**Work instruction:**
Exactly reproduce the lines of the listing below from the one containing "Nowy Potain MR" through the one containing "3rd image of 30108 Redwood Peak Ln". Skip the images.

**Given data:**
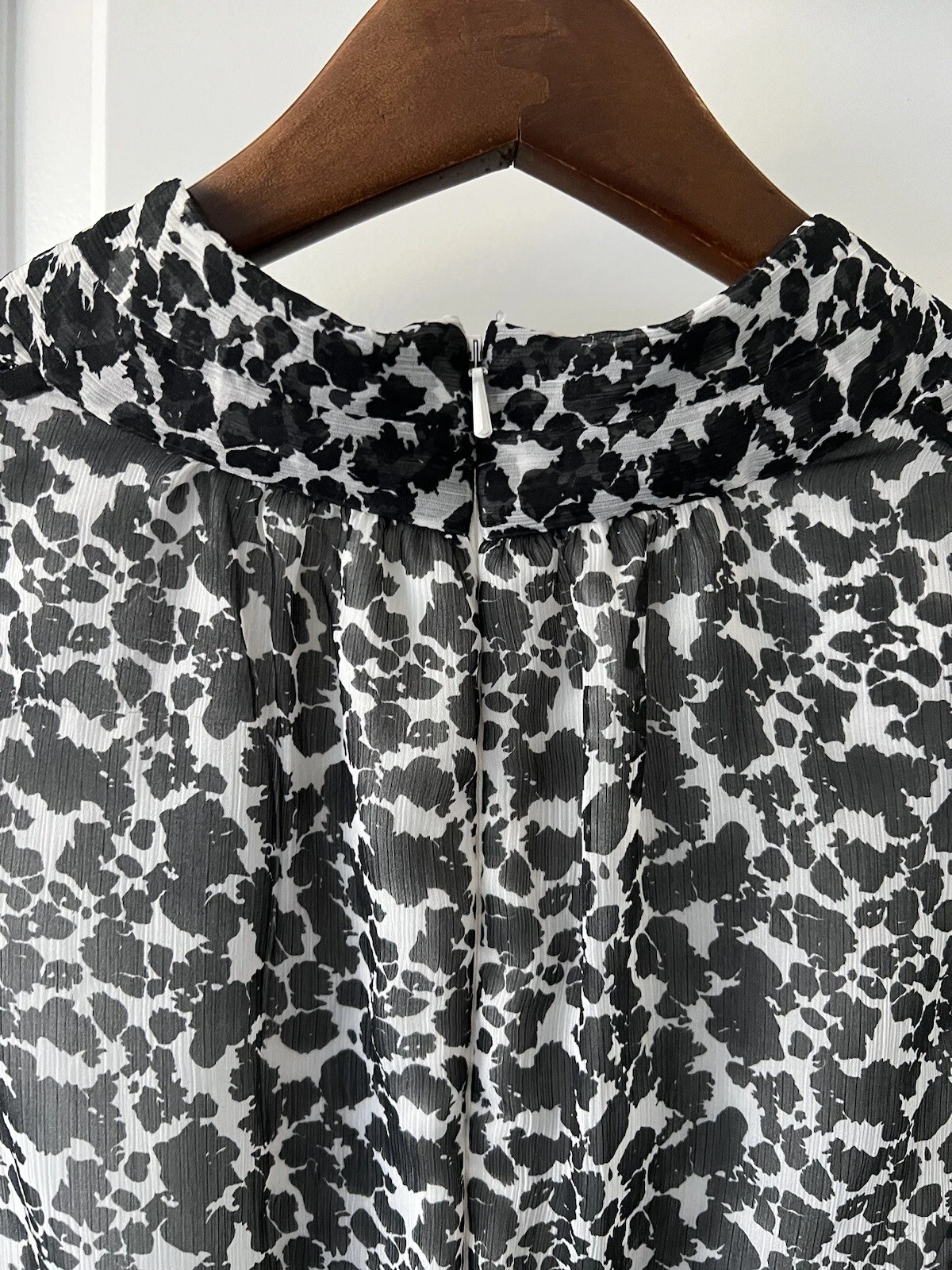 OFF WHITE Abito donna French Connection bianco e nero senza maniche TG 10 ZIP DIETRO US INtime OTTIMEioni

--

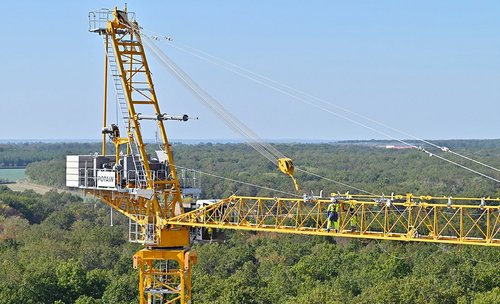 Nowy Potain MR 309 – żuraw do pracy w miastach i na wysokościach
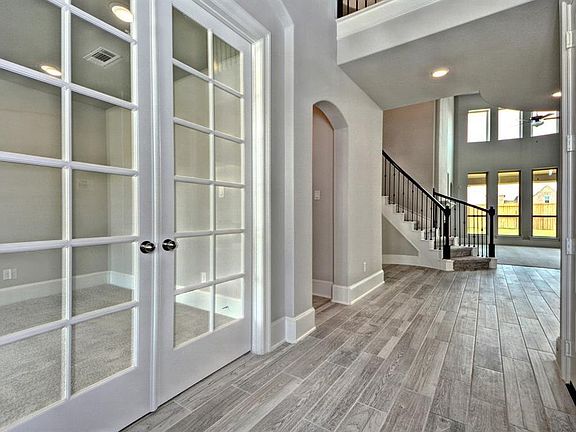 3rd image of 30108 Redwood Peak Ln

* * *

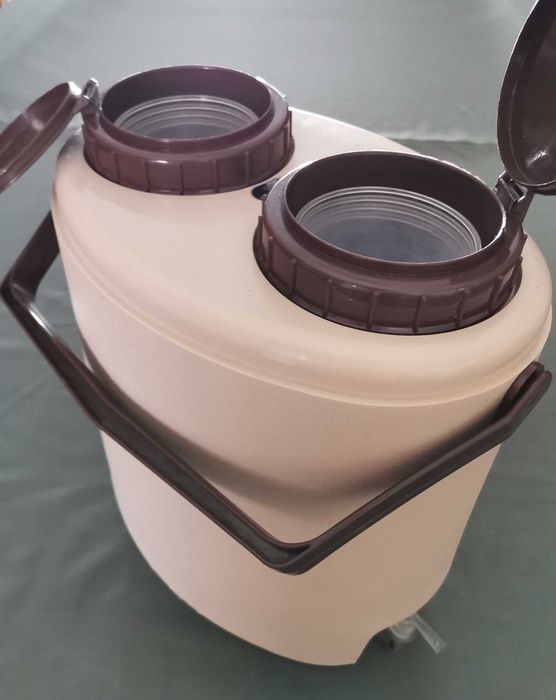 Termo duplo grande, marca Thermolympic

**Solution for this exercise:**
 Nowy Potain MR 309 – żuraw do pracy w miastach i na wysokościach
 3rd image of 30108 Redwood Peak Ln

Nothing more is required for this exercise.